ORNL / cpp-proposals-pub

Collaborating on papers for the ISO C++ committee - public repo
26 stars 26 forks source link

P1673R12: LWG presentation #379

Open mhoemmen opened 1 year ago

mhoemmen commented 1 year ago

P1673R12 LWG presentation

A) Previous WG21 talks and proposals

B) Brief summary

C) Example: matrix-vector product

using vector_t = mdspan<double, dextents<int, 1>>;
using matrix_t = mdspan<double, dextents<int, 2>>;

// ... allocate and fill ...
vector_t x = /* ... */;
vector_t y = /* ... */;
matrix_t A = /* ... */;

// compute y = Ax
matrix_vector_multiply(y, A, x);

// compute norm2 of y
double val = vector_norm2(y);

// mixed precision, different layout 
mdspan<float, dextents<int, 2>, layout_left> A_f =
  /* allocate and fill */;
matrix_vector_multiply(y, A_f, x);
double val2 = vector_norm2(y);

D) Categories of things in P1673

  1. Algorithms taking mdspan
  2. In-place transformations
  3. Tags
  4. Layouts (layout_blas_packed)

E) Algorithms taking mdspan

Many algorithms, but wording for each is short, so much so that the header synopsis almost doubles the wording length.
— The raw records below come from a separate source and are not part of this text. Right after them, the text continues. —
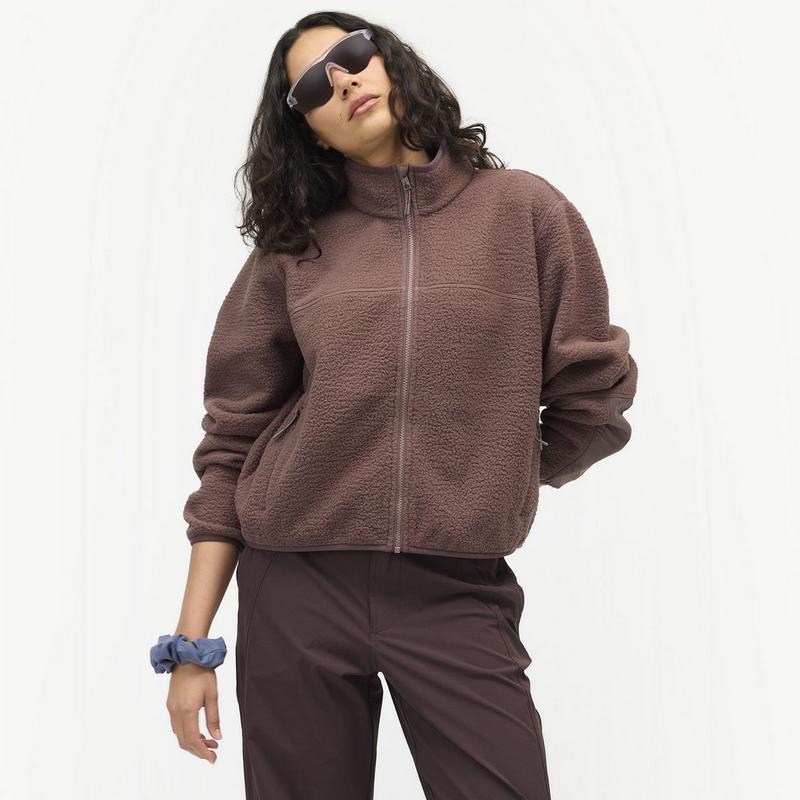 Halfdays Women's Chapelle Fleece Jacket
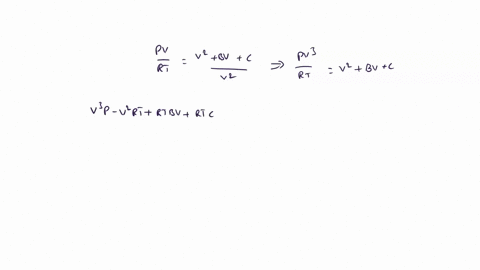 using-the-equation-below-calculate-the-molar-volume-and-compressibility-factor-for-methanol-vapor-at-500k-and-10-bar-pressure-as-a-result-of-experimental-studies-the-virial-coefficients-are-38355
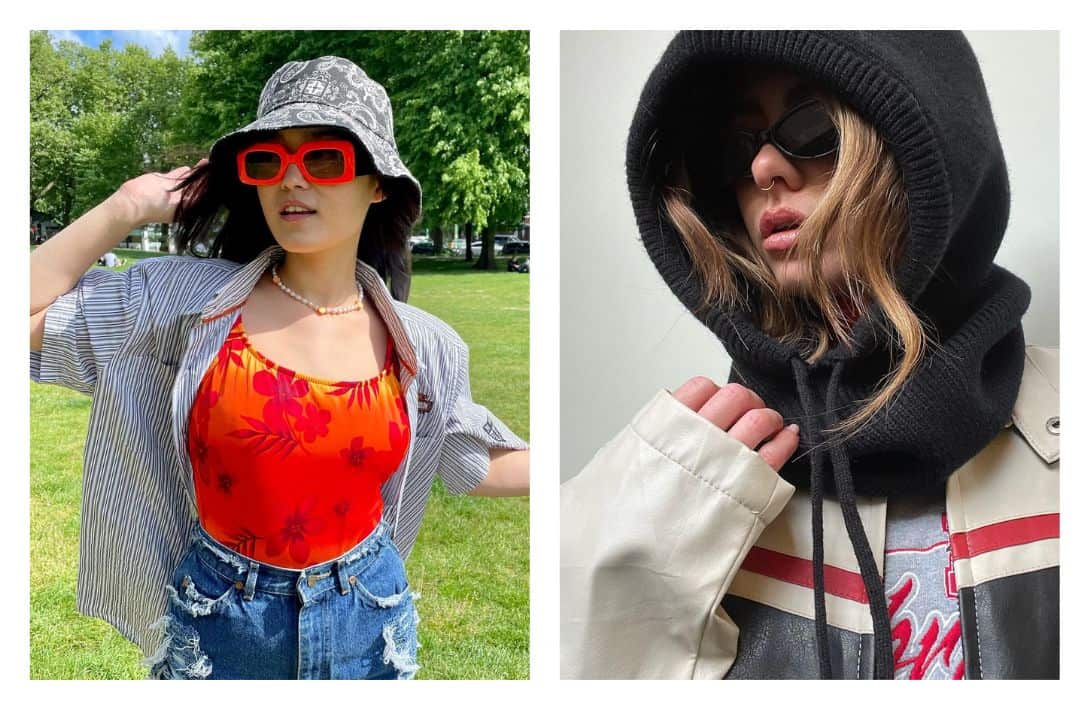 12 Upcycled Fashion Brands For Dreamy Recycled & Deadstock Clothing Images by Beyond Retro #upcycledfashion #upcycledfashiondesigners #upcycledfashionbrands #upcycledclothing #upcycledclothes #upcycledclothingbrands #sustainablejungle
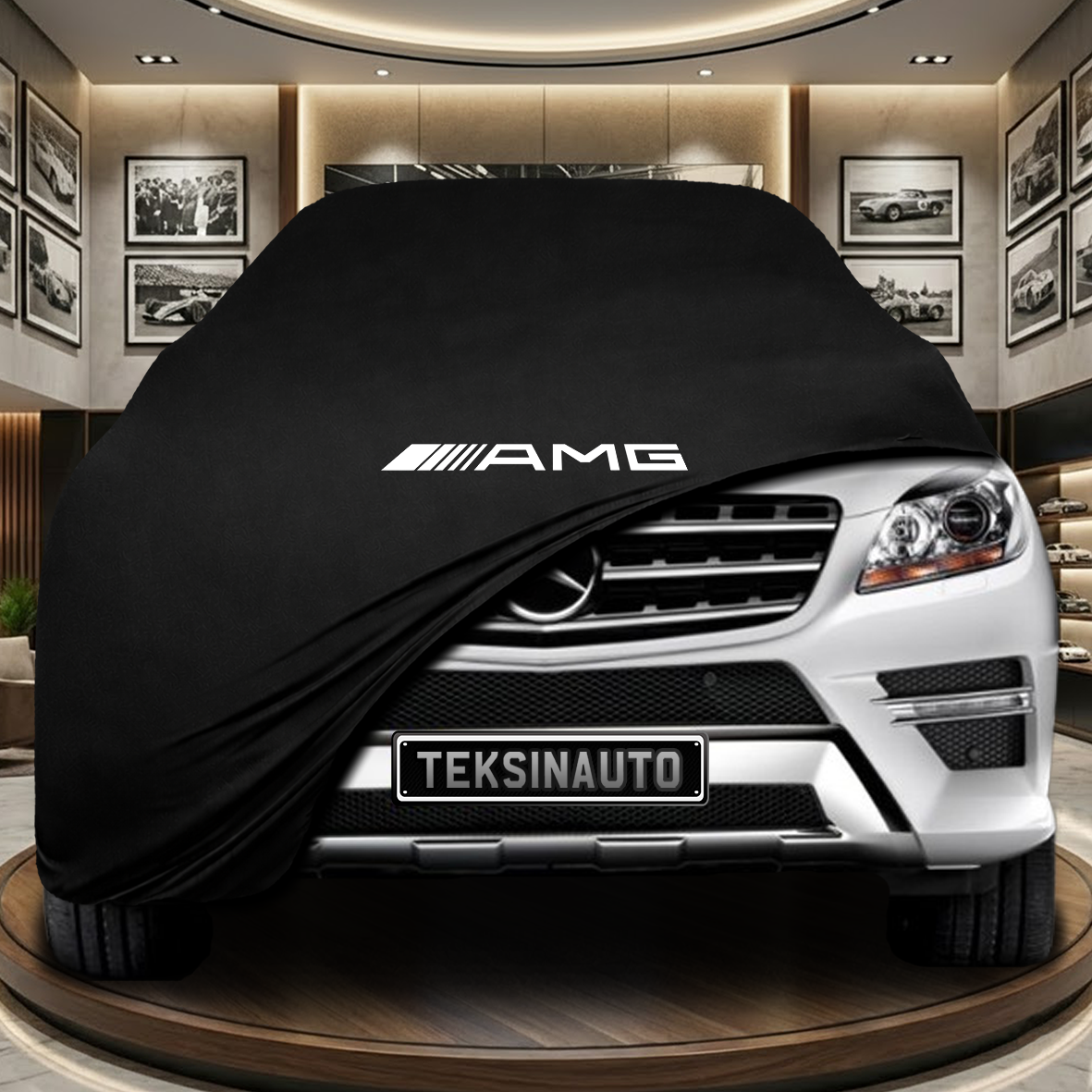 MERCEDES GLE W166 2015-2018 Indoor Car Cover Custom Fit, Black, Gray, Blue, Red Color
Would LWG consider letting us drop the synopsis?

E.1) Two categories of algorithms

  1. Not-reduce-like: Take zero or more input mdspan(s) + (output or in/out) mdspan; return void

    • Example: matrix_vector_product
  2. reduce-like: Take one or more input mdspan(s) + initial scalar value; return scalar result

    • Example: vector_norm2

E.2) [linalg.reqs.val] "Linear algebra value types"
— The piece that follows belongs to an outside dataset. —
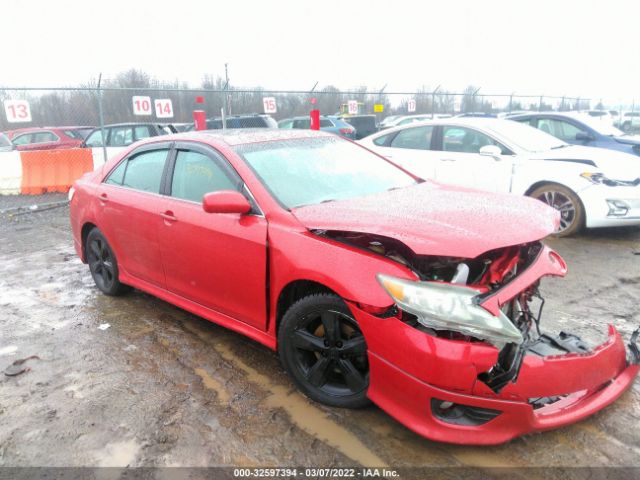 TOYOTA CAMRY 2010 4t1bf3ek4au526611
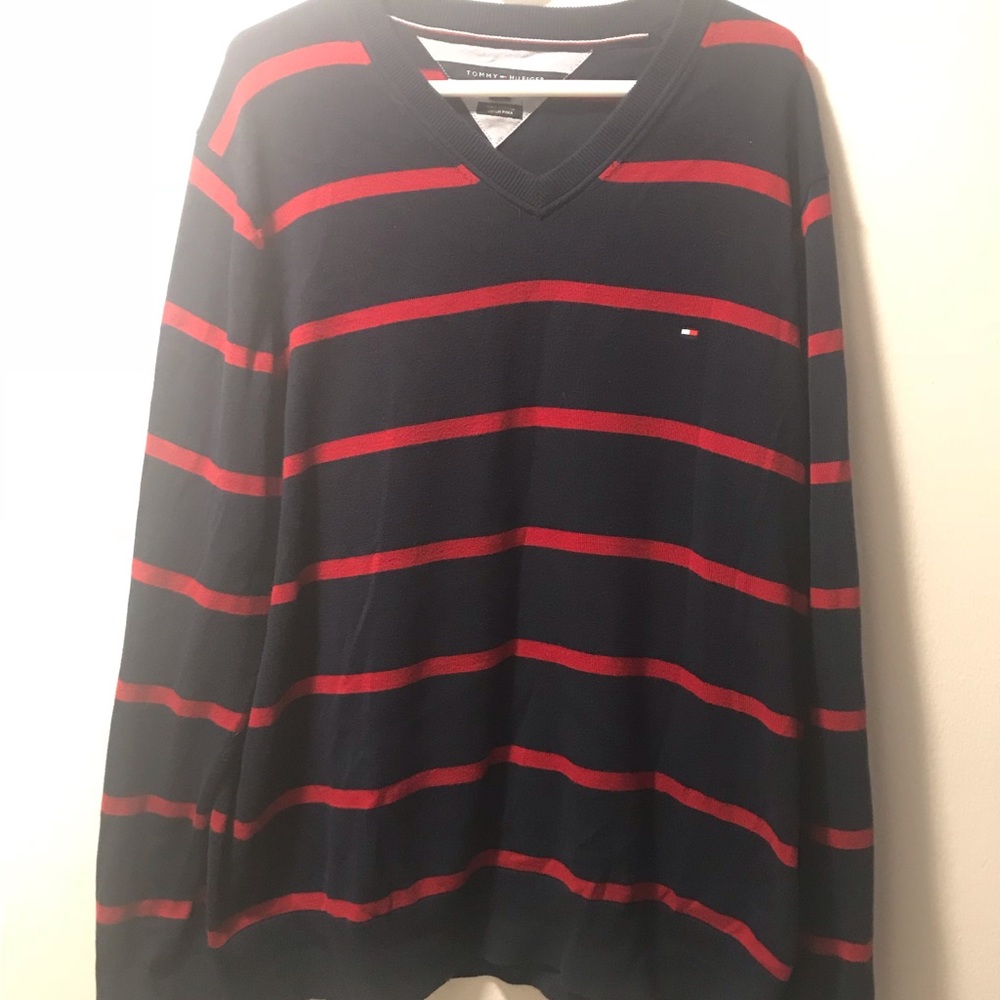 Tommy Hilfiger v-neck sweater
The most interesting part of wording is not the algorithms themselves, but "Linear algebra value types" [linalg.reqs.val]: requirements on the mdspans' value types that interact in algorithms. One can think of this as a generalization of _GENERALIZED_SUM_. SG6 and LEWG especially discussed this in detail. Davis Herring and Zach Laine, among others, generously contributed wording review time.
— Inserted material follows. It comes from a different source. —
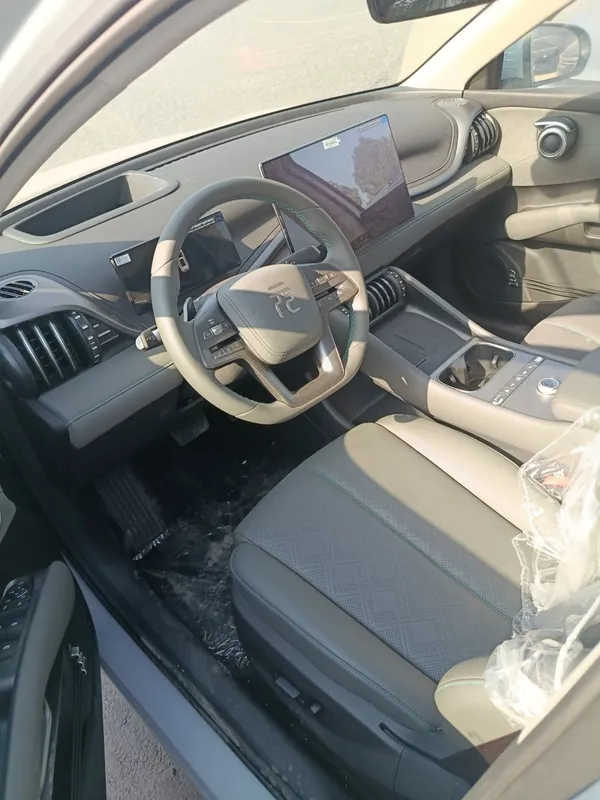 BYD Yuan Plus 510km, 2025 tayyor 3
F) In-place transformations

These are functions "viewing" an mdspan as another mdspan, with a possibly different layout and/or accessor. (We don't actually use the word "view.")

F.1) Main interface: conjugated, scaled, transposed

These are the "viewing" functions mentioned above. They take an mdspan (and possibly a scalar), and return another mdspan.

Function name Effect What it changes
transposed Matrix transpose (i,j) -> (j,i) Layout
scaled Multiply all elements by a scalar Accessor
conjugated Complex conjugate of all elements Accessor
conjugate_transposed transposed and conjugated Both

Key feature: Result is an mdspan. P1673's algorithms represent arrays as mdspan. P1673 defines no extension point mechanism to let algorithms take more general things.

Design principle: P1673 is "the BLAS in C++," not a general algebra system. For example:

F.2) Functions that change the accessor

Functions that change the mdspan's accessor have more complicated wording than functions that change the layout. Mechanism is like atomic_accessor* (P2689R2):

  1. Define a custom accessor
  2. Custom accessor uses a proxy reference to transform value
  3. Proxy reference has overloaded arithmetic operators (like atomic_ref*)

We do this twice:

Function Accessor Proxy reference
scaled accessor_scaled scaled_scalar
conjugated accessor_conjugate conjugated_scalar

Accessors are not exposition-only

The accessors that use these proxy reference types are not exposition-only. This lets users write custom algorithms that can optimize by knowing that an mdspan comes from conjugated and scaled results, just as P1673's implementations can optimize for this case.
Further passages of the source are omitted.